Cet agent hautement toxique, mis au point par les Soviétiques dans les années 70-une arme chimique-se présente le plus souvent sous la forme d’une fine poudre susceptible de pénétrer les pores de la peau ou les voies respiratoires.

« Le fait que la substance ait mis du temps à agir peut indiquer qu’il s’agit d’une formulation à libération prolongée du type de celle qui est couramment utilisée pour les produits pharmaceutiques. Là encore, cela indique qu’il ne s’agissait pas d’une attaque d’amateur », a commenté Andrea Sella, professeur à l’University College de Londres.

M. Navalny, 44 ans, reste « dans un état grave » mais son état de santé « continue de s’améliorer », a précisé dans un communiqué l’hôpital berlinois de la Charité, qui a précisé qu’il restait toujours « sous assistance respiratoire ».

Berlin, qui « condamne cette attaque dans les termes les plus fermes », a demandé à la Russie des éclaircissements « urgents » sur cet empoisonnement, selon un communiqué du gouvernement.

Les résultats de ces tests démontrent que M. Navalny a bel et bien été « victime d’un crime », destiné à le « réduire au silence », a dénoncé Angela Merkel dans une déclaration à la presse.

« De très graves questions se posent à présent, auxquelles seul le gouvernement russe peut et doit répondre », a prévenu la chancelière dont le pays assure la présidence du Conseil de l’Union européenne.

La Russie s’est dite « prête » à coopérer avec l’Allemagne.

« Les résultats de plusieurs expertises effectuées dans le cadre des investigations préliminaires n’ont révélé aucune substance puissante empoisonnée ou intoxicante dans l’organisme de Navalny », a toutefois soutenu une source au sein des forces de l’ordre citée par l’agence d’État russe, Tass.

« Nous appelons nos partenaires à éviter une politisation de cet incident et à s’appuyer uniquement sur des faits fiables qui nous seront fournis, nous l’espérons, dans les plus brefs délais », a déclaré l’ambassade de Russie à Berlin.

Pour l’entourage de l’opposant, l’auteur de cet empoisonnement ne fait guère de doute. « Seul l’État » russe a pu recourir au Novitchok, a affirmé l’organisation de M. Navalny.

L’ambassadeur russe à Berlin a été « invité urgemment » au ministère allemand des Affaires étrangères, a annoncé le chef de la diplomatie allemande, Heiko Maas.

Arme chimique

L’UE, l’OTAN, Washington, Paris et Londres avaient déjà mis la pression sur Moscou sur ce dossier. Mais le Kremlin rejetait jusqu’ici comme prématurées les conclusions pointant en direction d’une action criminelle.

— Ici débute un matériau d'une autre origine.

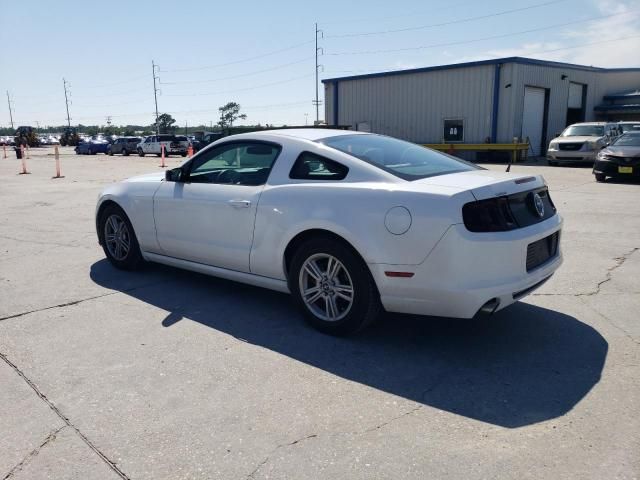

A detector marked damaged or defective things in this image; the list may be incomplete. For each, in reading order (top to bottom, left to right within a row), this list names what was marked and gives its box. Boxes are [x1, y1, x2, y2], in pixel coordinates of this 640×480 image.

pavement crack [0, 350, 131, 478]
pavement crack [2, 426, 66, 478]
pavement crack [246, 434, 318, 478]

Mercredi soir, le Royaume-Uni a appelé la Russie à « dire la vérité », alors que Paris a condamné « l’utilisation choquante et irresponsable » du Novitchok.

De son côté, l’Union européenne a dénoncé « un acte méprisable et lâche » et la Maison-Blanche s’est dite « très troublée », parlant d’un « acte absolument condamnable ». L’Italie a demandé à Moscou de « clarifier avec rapidité et transparence les responsabilités dans ce qui s’est produit ».

Le Canada s’est dit « profondément troublé » par la voix de son ministre des Affaires étrangères. « Les autorités russes doivent expliquer ce qu’il s’est passé », estime le ministère canadien, pour qui « l’usage d’armes chimiques est abject et inacceptable ».

L’OTAN a elle réclamé à la Russie une enquête.

Le gouvernement allemand prévoit aussi de « prendre contact avec l’Organisation pour l’interdiction des armes chimiques (OIAC) », les agents de type Novitchok étant interdits par cette organisation.

Principal opposant au pouvoir du président Vladimir Poutine, auteur de publications dénonçant la corruption des élites russes qui sont abondamment partagées sur les réseaux sociaux, Alexeï Navalny a été transféré fin août de Sibérie à Berlin.

Plusieurs personnalités russes ont été victimes d’empoisonnements, avérés ou suspectés, dans un passé récent.